These are chat archives for dereneaton/ipyrad

13th
Jan 2016
Isaac Overcast
@isaacovercast
Jan 13 2016 14:43
I'm about to commit the code that updates assemblies. I adopted a "don't ask, just do it and inform" strategy. keep an eye on it after your next pull..
Isaac Overcast
@isaacovercast
Jan 13 2016 16:11
For me consens_se.py is crashing on cleanup, are you seeing this behavior?
Isaac Overcast
@isaacovercast
Jan 13 2016 16:49
nvm i fixed it. pull new from master if you want step5 to work, tmpcat and tmpcons were getting cleaned up prematurely.
Isaac Overcast
@isaacovercast
Jan 13 2016 17:55
Wicked bug in cluster_within.clustall(). Testing on glenn's data works fine on small # of samples, but the full dataset errors out with IndexError: list index out of range... Can't tell yet if it's a prob with one individual or an emergent bug.. Seems like a race condition.
Isaac Overcast
@isaacovercast
Jan 13 2016 18:21
Licked it... sort of. An empty utemp file will crash build_clusters. I added a guard to check for length utemp > 0, so at least it'll catch this. I tried running the vsearch commands for this individual by hand and they seem to work, but they still output blank utemp files. What could cause this?
Isaac Overcast
@isaacovercast
Jan 13 2016 20:18
https://github.com/dereneaton/ipyrad/wiki/Preview-mode docs. It also made me realize that if you run step1 full, then run step1 in preview it'll overwrite :-/ Can't think of a good way around that besides just making sure people know...
Deren Eaton
@dereneaton
Jan 13 2016 20:25
I'm trying to write a custom Exception that we can use to exit gracefully out of an ipyclient at any time and report a warning message.
Isaac Overcast
@isaacovercast
Jan 13 2016 21:36
hackersonly again useful. The max fragment length of glenn's gbs data is 132.
Deren Eaton
@dereneaton
Jan 13 2016 21:44
Something that might be worth hacking on for step3 is the vsearch parameter "-query_cov". It's currently hardcoded. I recently raised it to 60 to be conservative, but I've tested it with good results as low as 30. This is the amount the query seq must overlap with the seed, if I remember right.

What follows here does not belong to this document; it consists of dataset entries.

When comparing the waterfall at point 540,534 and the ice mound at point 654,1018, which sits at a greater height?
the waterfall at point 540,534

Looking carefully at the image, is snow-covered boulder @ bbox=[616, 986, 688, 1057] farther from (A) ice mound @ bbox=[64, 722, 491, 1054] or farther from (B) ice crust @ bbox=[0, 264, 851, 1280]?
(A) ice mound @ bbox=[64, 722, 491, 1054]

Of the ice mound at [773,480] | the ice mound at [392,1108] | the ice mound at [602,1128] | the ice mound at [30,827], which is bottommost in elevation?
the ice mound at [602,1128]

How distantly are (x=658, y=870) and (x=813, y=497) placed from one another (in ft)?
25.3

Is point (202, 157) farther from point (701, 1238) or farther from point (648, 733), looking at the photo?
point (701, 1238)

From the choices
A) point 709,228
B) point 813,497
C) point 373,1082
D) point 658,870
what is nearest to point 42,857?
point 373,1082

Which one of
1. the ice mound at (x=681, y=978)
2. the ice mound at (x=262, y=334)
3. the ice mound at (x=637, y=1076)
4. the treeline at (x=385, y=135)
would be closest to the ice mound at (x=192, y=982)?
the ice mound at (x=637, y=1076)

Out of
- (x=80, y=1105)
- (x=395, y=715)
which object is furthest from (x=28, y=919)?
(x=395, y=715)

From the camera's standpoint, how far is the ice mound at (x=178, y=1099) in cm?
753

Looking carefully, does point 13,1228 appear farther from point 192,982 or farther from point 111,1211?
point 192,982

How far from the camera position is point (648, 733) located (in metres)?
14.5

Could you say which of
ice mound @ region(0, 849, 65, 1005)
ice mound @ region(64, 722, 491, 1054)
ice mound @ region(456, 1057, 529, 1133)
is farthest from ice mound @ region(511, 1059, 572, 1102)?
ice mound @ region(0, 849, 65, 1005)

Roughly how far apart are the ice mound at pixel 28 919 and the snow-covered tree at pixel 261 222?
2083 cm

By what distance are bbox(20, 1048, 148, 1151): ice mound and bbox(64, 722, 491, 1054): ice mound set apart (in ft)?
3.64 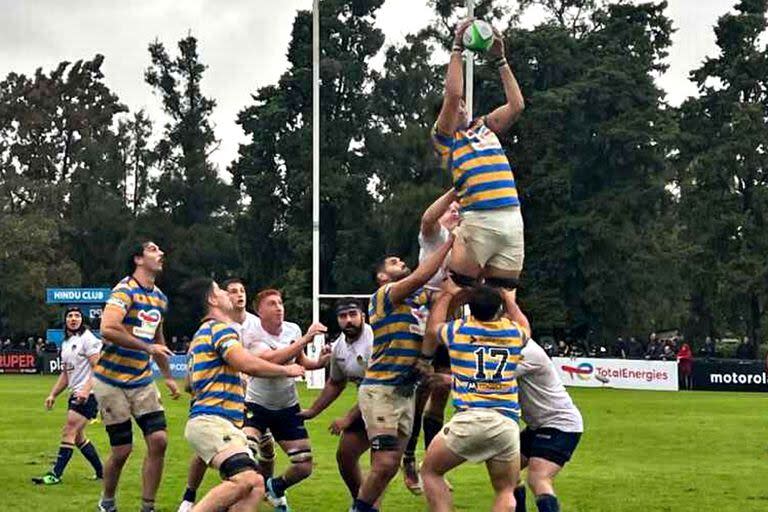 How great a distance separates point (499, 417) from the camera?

And it could presumably influence what the max frag length will be.
Isaac Overcast
@isaacovercast
Jan 13 2016 21:49
Good idea, I'll make a ticket... As of now everything seems to be going well with glenn's data. I changed the default preview length for step 1 (2000000 lines) and preview is working better, have run it up through step 5 at this point.
Deren Eaton
@dereneaton
Jan 13 2016 21:57
Cool. I've got someone sending me pairddrad data soon for testing.
This exception handling thing is confusing as hell. Still working on it.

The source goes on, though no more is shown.